SAT Kibana Dashboards

Kibana is an open source analytics and visualization platform designed to search, view, and interact with data stored in Elasticsearch indices. Kibana runs as a web service and has a browser-based interface. It offers visual output of node data in the forms of charts, tables and maps that display real-time Elasticsearch queries. Viewing system data in this way breaks down the complexity of large data volumes into easily understood information.

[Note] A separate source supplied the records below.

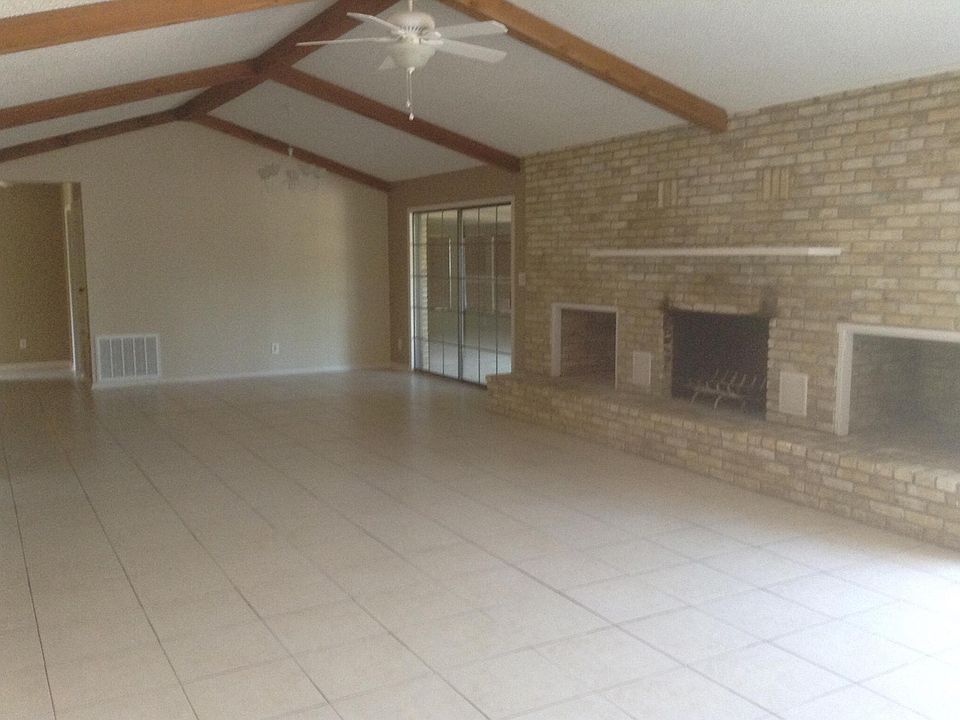 1st image of 940 Willow Creek Cir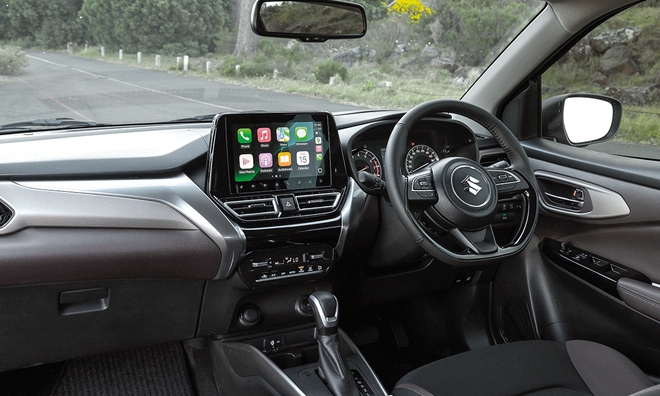 Báo nước ngoài đánh giá Suzuki Fronx sau 6 tháng lái thử: SUV nhỏ nhiều tiện nghi, lái số tự động không hay bằng số sàn, cố mãi vẫn ăn xăng hơn 6 lít/100km- Ảnh 3. Báo nước ngoài đánh giá Suzuki Fronx sau 6 tháng lái thử: SUV nhỏ nhiều tiện nghi, lái số tự động không hay bằng số sàn, cố mãi vẫn ăn xăng hơn 6 lít/100km- Ảnh 3.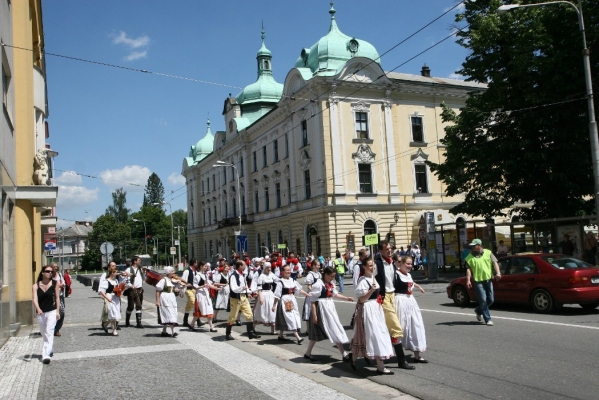 NA HRADECKÉM RYNKU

Kibana can be accessed via web browser at the following URL:

  • https://sma-kibana.cmn.<site-domain>

The value of site-domain can be obtained as follows:

ncn-m001:~ # kubectl get secret site-init -n loftsman -o jsonpath='{.data.customizations\.yaml}' | \
    base64 -d | grep "external:"

That command will produce the following output, for example:

    external: EXAMPLE_DOMAIN.com

This would result in the address for Kibana being https://sma-kibana.cmn.EXAMPLE_DOMAIN.com

For more information on accessing the Kibana Dashboards, refer to View Logs Via Kibana in the SMA product documentation.

Additional details about the AER, ATOM, Heartbeat, Kernel, MCE, and RAS Daemon Kibana Dashboards are included in this table.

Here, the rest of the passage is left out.